Reliving 1964's Freedom Summer at the Newseum

This Polumbaum photo captures the essence of the era.
Even though he had fought in the South Pacific in World War II, photographer Ted Polumbaum was always very clear about the most frightening times of his life - those occurred 50 years ago when he was photographing the Civil Rights movement in Mississippi that came to be known as Freedom Summer.

"He was much more afraid in Mississippi than he ever was in World War II," Polumbaum's widow Nyna said this past weekend at the Newseum, where she and her daughter, Judy, appeared at an Inside Media taping to talk about Polumbaum's 1964 photos for Time magazine. Those photos captured the attempt of committed young southerners and northerners to register black voters in hate-filled towns all over Mississippi.

Earlier, Nyna had given more than 200,000 of her husband's photos to the Newseum and some of the most dramatic of those shots form the basis for the institution newest exhibit 1964: Civil Rights at 50.

Polumbaum began his documenting in Ohio, where the young white and black volunteers were being trained for what they were about to encounter. "They were told the government would not be able to help them at all," Nyna said. "They should be prepared to be beaten, shot, and maybe even killed."

In actuality, 3 of the volunteers did end up losing their lives, the victims of racists who were willing to take any measure to keep blacks from being able to vote. Chillingly, one of those subjects, 21-year-old Andrew Goodman is captured in one of Polumbaum's shots of the training. "Goodman was really good at playing the brutal Southern white racist," Nyna said. "I was always amazed at the enormous maturity and incredible bravery of these young people."

Nyna said her husband said the scariest personal moments came when he first arrived and stayed at a for-whites-only motel. "He was terrified going home at night to the white motel," Nyna said. "After that, he always stayed in black neighborhoods to be safer."

There was never any question that Polumbaum, long a social activist, would seek out the dangerous Mississippi assignment. "This was something that wasn't a new idea for him. He was committed and wanted to go," Nyna said. "He always said that this was one of the transformative events of his life."

Actually, Polumbaum's career in photography was the result of a stand he made during the time of the Communist witch hunts. After he returned to Yale University (where he and Nyna met) from World War II, Polumbaum had been active in the John Reed Club, an organization which tried to bring Marxist speakers to the New Haven campus.

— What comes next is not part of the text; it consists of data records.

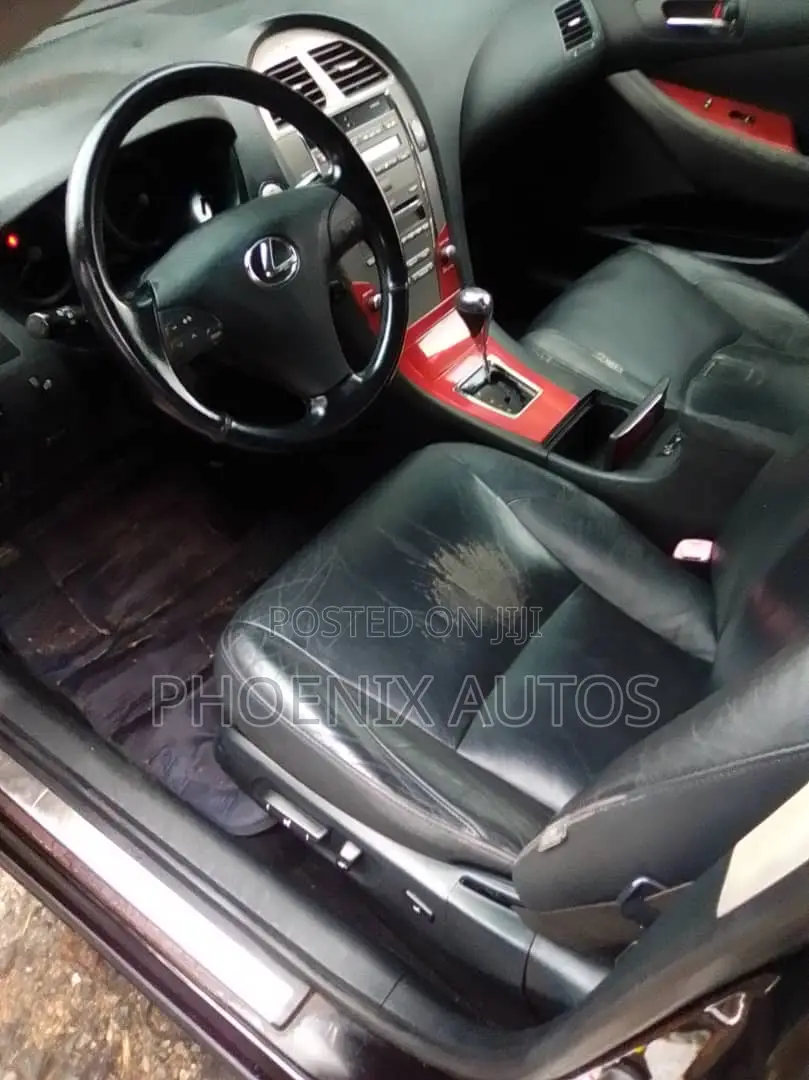 Lexus ES 350 2008 Black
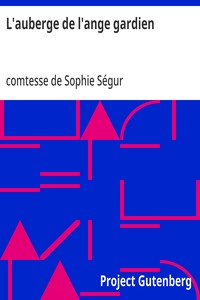 Cover of L'auberge de l'ange gardien
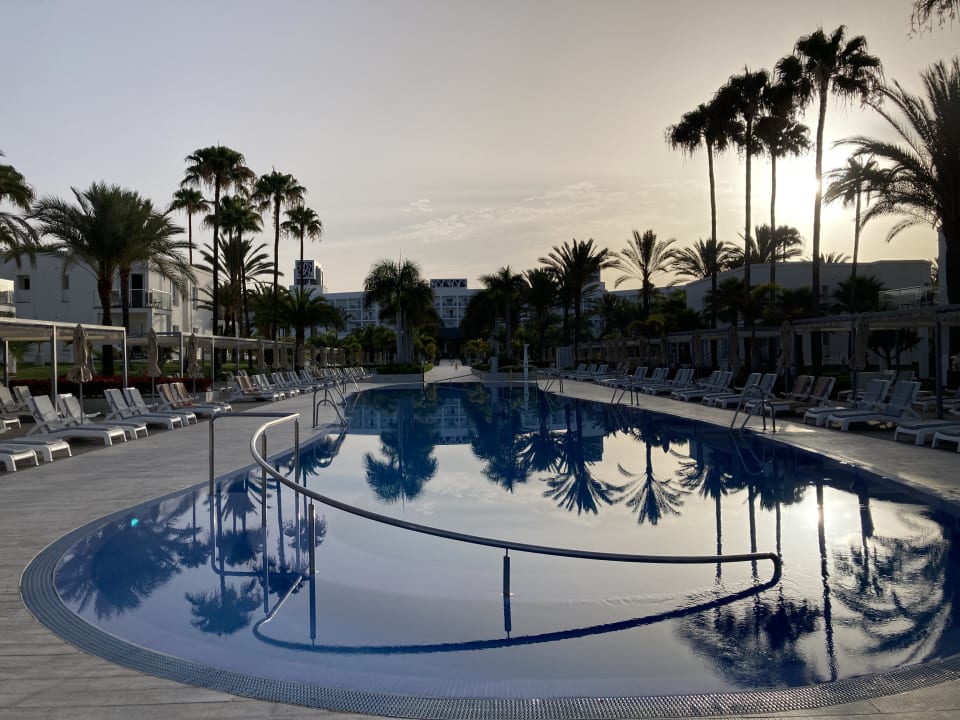 Pool Hotel Riu Palace Meloneras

After college, he was working in 1954 as a television news writer when U.S. marshals came to the Polumbaum's home to arrest Ted for "subversion in education." He invoked the 5th Amendment when he was forced to testify before the House Un-American Activities Committee. He was immediately blacklisted from TV and had to "find a new way to make a living." He returned to his earlier love of photography and then spent decades taking pictures of some of the biggest events of the times.

Nyna said she hopes that people will be inspired by the actions captured in her husband's photos, especially young people who have no real awareness of the sacrifices made in the name of Civil Rights.
"That history, which may be very much a blank to them, is really very much alive," she said. "The struggle is not yet over. There is still much more to do."